THE ruling on Tuesday February 25, 2008 by the Presidential Election Tribunal to the effect that the polls were free and fair, was not just shocking, but robbed our beloved country of the chance for a fresh start and to show that we can do things better. It also plays up the stereotype that incompetence and electoral fraud is acceptable in Nigeria. The Justice James Ogebe-led presidential election petition tribunal had unanimously held that the former Head of State Muhammadu Buhari, who was the presidential flag bearer of the All Nigeria Peoples Party (ANPP) in the April 21, 2007 presidential election and his counterpart in the Action Congress (AC) Alhaji Atiku Abubakar, former Vice-President in the Obasanjo Administration, had failed to prove their claim that the election which brought Alhaji Umaru Musa Yar'Adua to power on April 21, 2007 was not conducted in substantial compliance with the Electoral Act, 2006.

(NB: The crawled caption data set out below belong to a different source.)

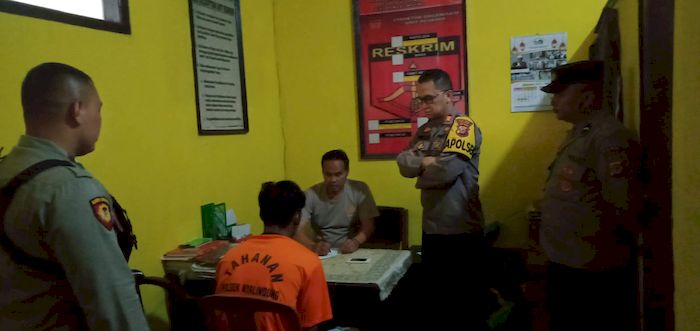 saat-terduga-pelaku-iy-diperiksa-usai-ditangkap-di-bogor.jpg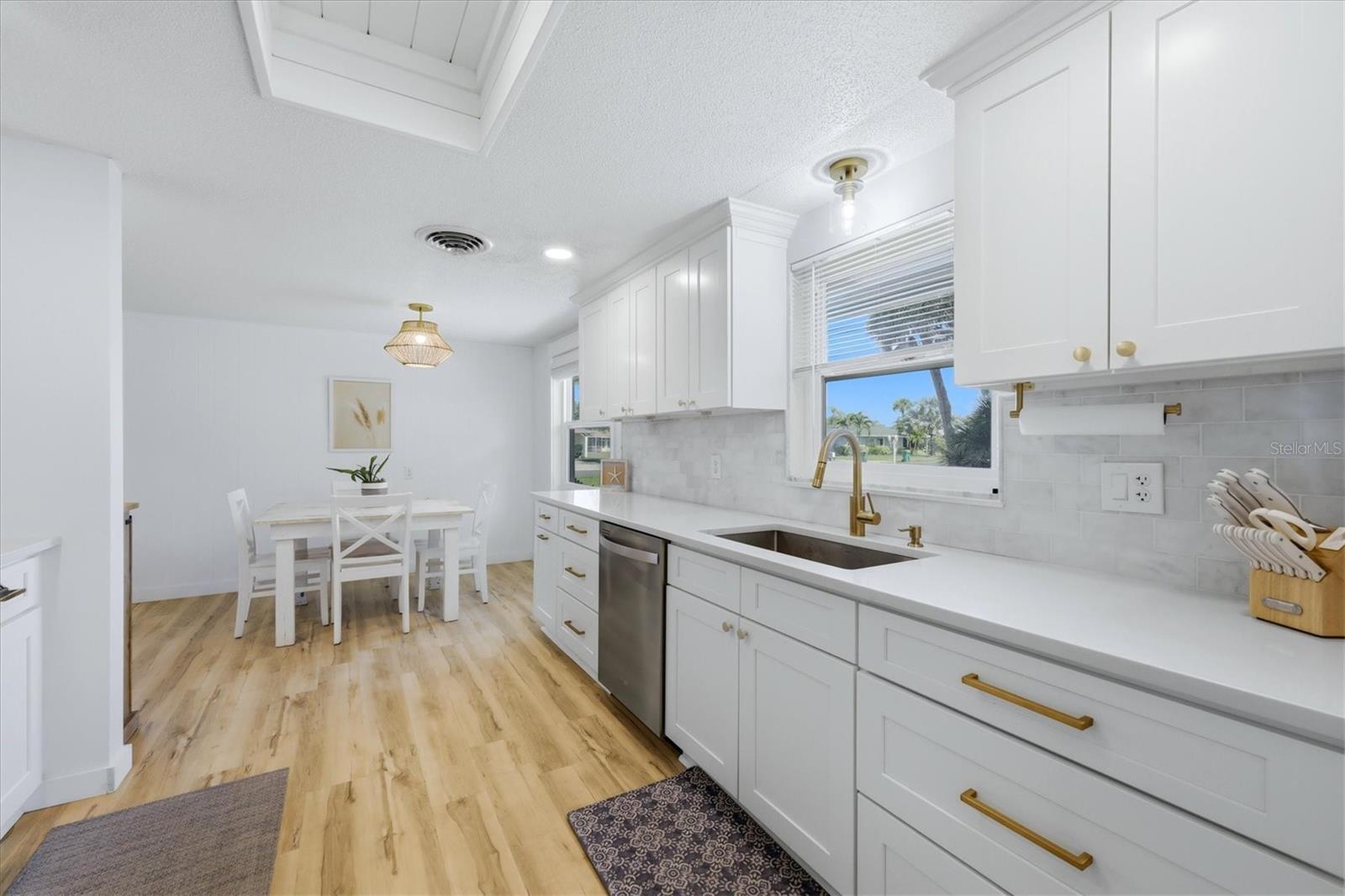 BREEZEWOOD MANOR - Residential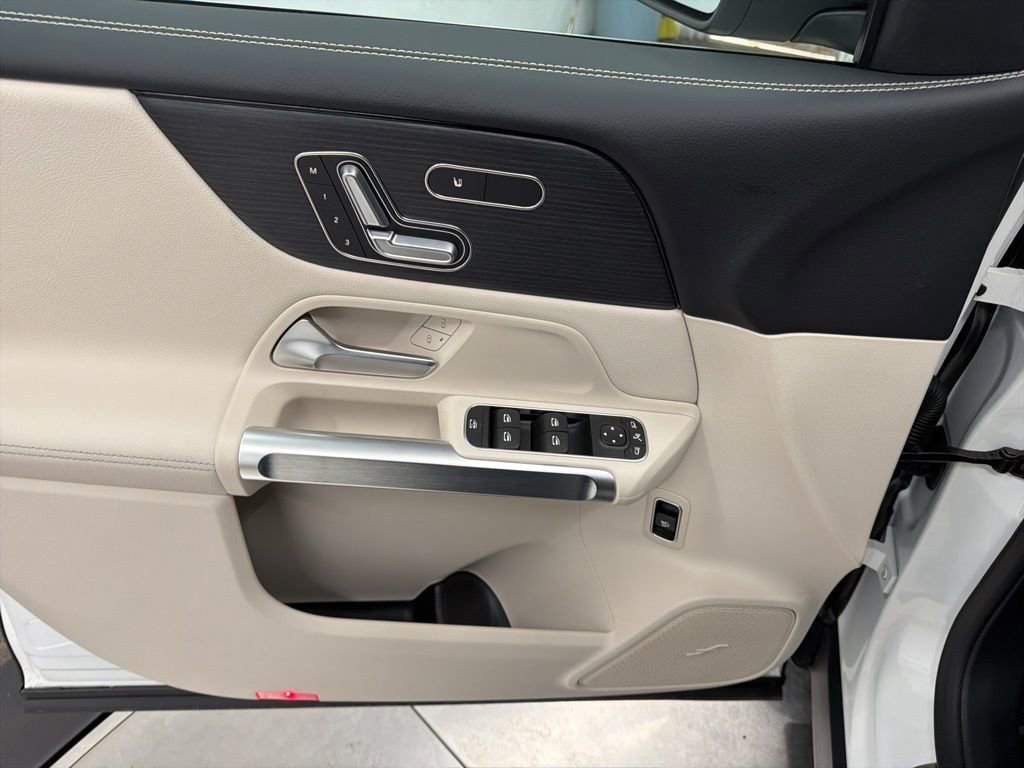 Used 2026 Mercedes-Benz GLB 250 GLB 250 image 17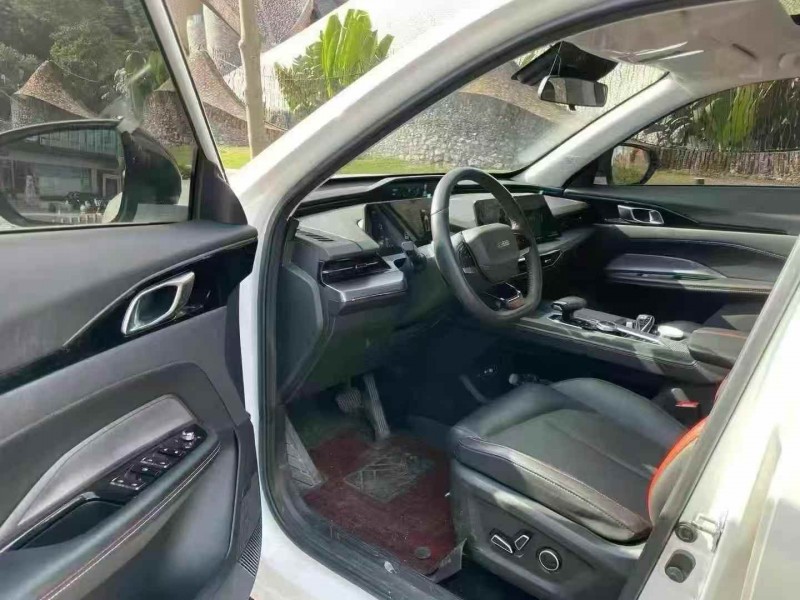 深圳22年长安汽车欧尚6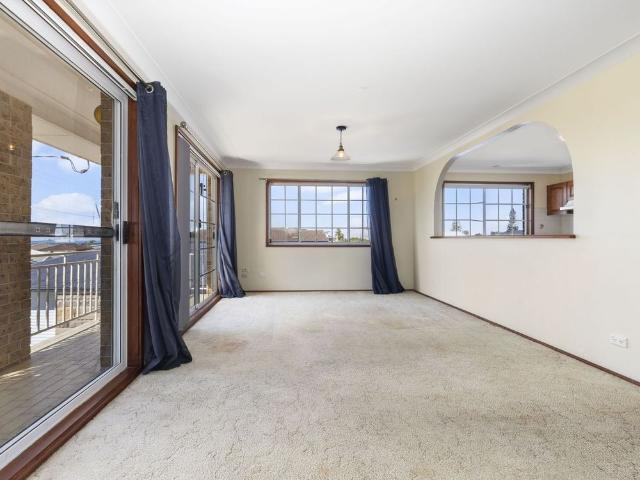 House for rent in Blue Bay, New South Wales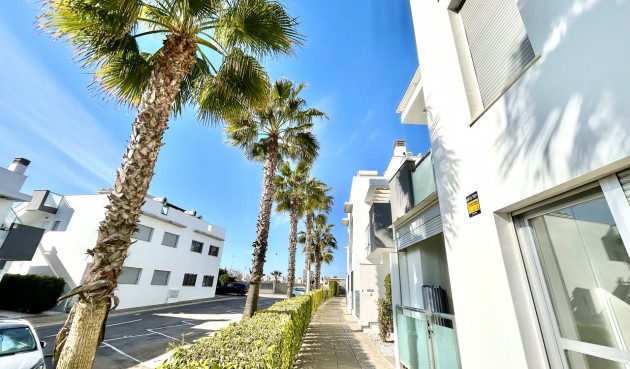 Resale - Apartment -
Punta Prima - Costa Blanca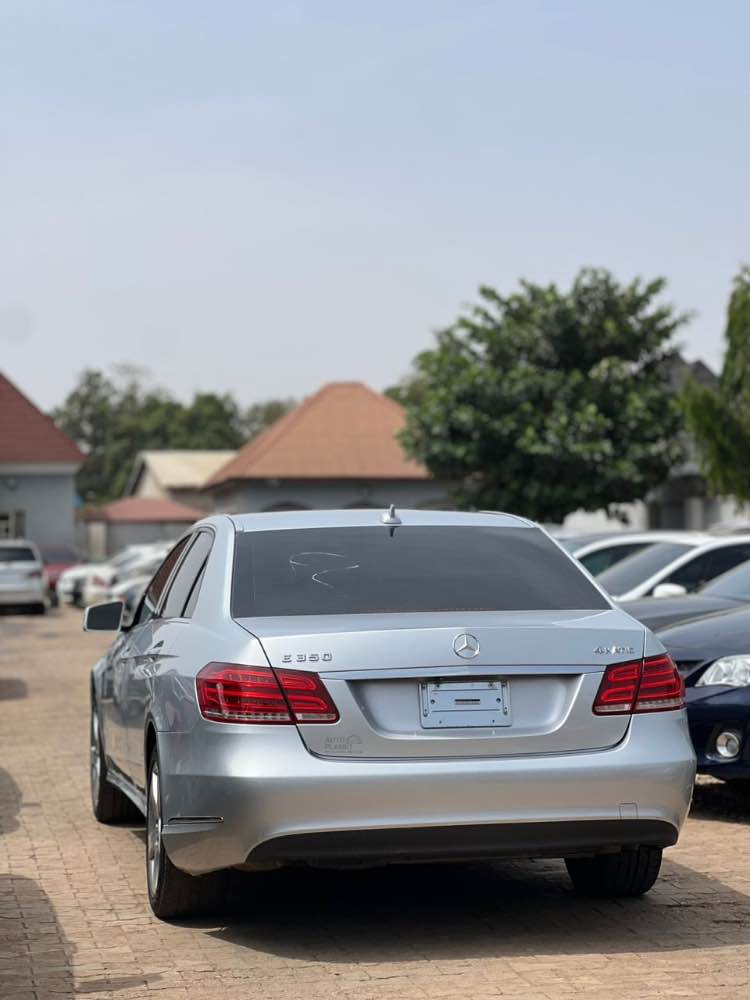 Mercedes Benz image - mobimarket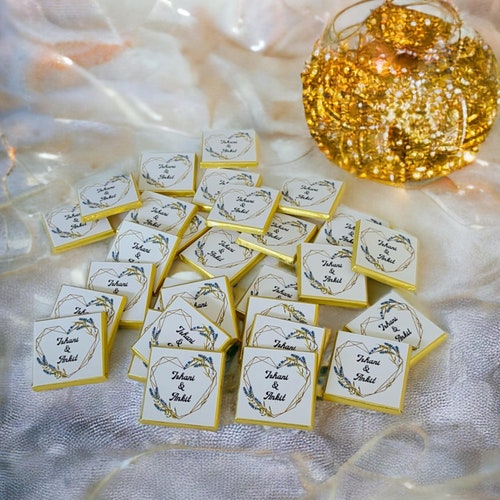 50 Personalized Wedding Chocolate Favors for Guests – Gold/Silver Foil Milk Chocolate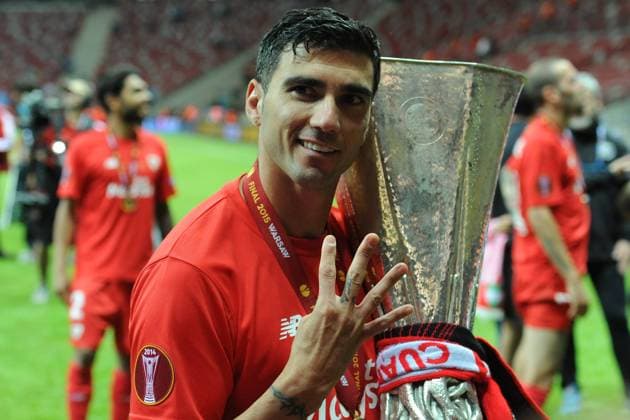 May 27, 2015 - Naples, Italy - Sevilla Jose Antonio Reyes celebrate with the trophy at the end of the UEFA Europa league final football match between FC Dnipro Dnipropetrovsk and Sevilla FC on May 27,2015 at Stadion Narodowy in Warsaw, Poland. FC Dnipro Dnipropetrovsk v Sevilla FC - UEFA Europa League Final  - ZUMAn230 20150527_zaa_n230_301 Copyright: xFrancoxRomanox
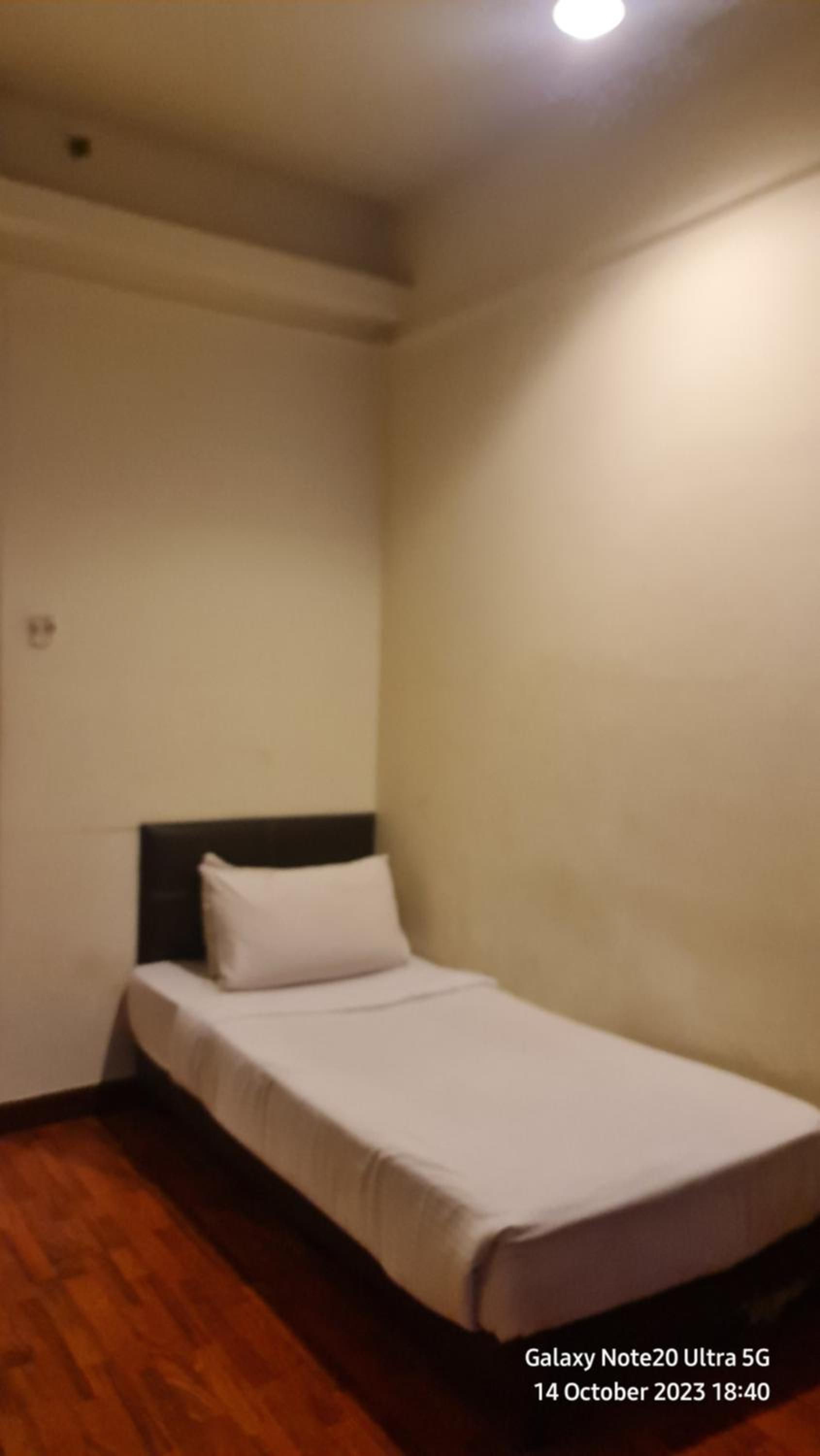 BLOSSOM SERVICE Suite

"In conclusion", the tribunal's judgment, which was read by Justice John Afolabi Fabiyi (JCA), forcefully declared, "this petition has been plagued by want of evidence in proof of virtually all the allegations contained therein", adding that "even if I were to accept all the excluded evidence proffered by the petitioner, which evidence relates only to four states of the federation, the petitioner would still have been unable to establish this petition..."
The April 14 and 21 general elections, which were bungled by the inept and inordinately partisan so-called Independent National Electoral Commission (INEC), presided over by Prof. Maurice Iwu, were universally condemned as a plague, a national disgrace and a reproach to the collective aspirations of all Nigerians. Max Van Den Berg, the European Union (EU) Chief Observer of the said elections, had this to say: "The EU observers witnessed many examples of fraud, including ballot box stuffing, multiple voting, intimidation of voters, alteration of official result forms, stealing of sensitive polling materials, vote buying and under-age voting", adding that "INEC's selectivity and inconsistency with regard to the application, and enforcement of electoral laws and court orders were apparent in a number of instances..." Local commentators were just as critical of the farcical exercise called April 2007 general elections. Even the greatest beneficiary of the elections, President Musa Yar'Adua, openly acknowledged the flaws in the elections. But the Presidential Election Petition Tribunal glossed over all this to the utter consternation of the public.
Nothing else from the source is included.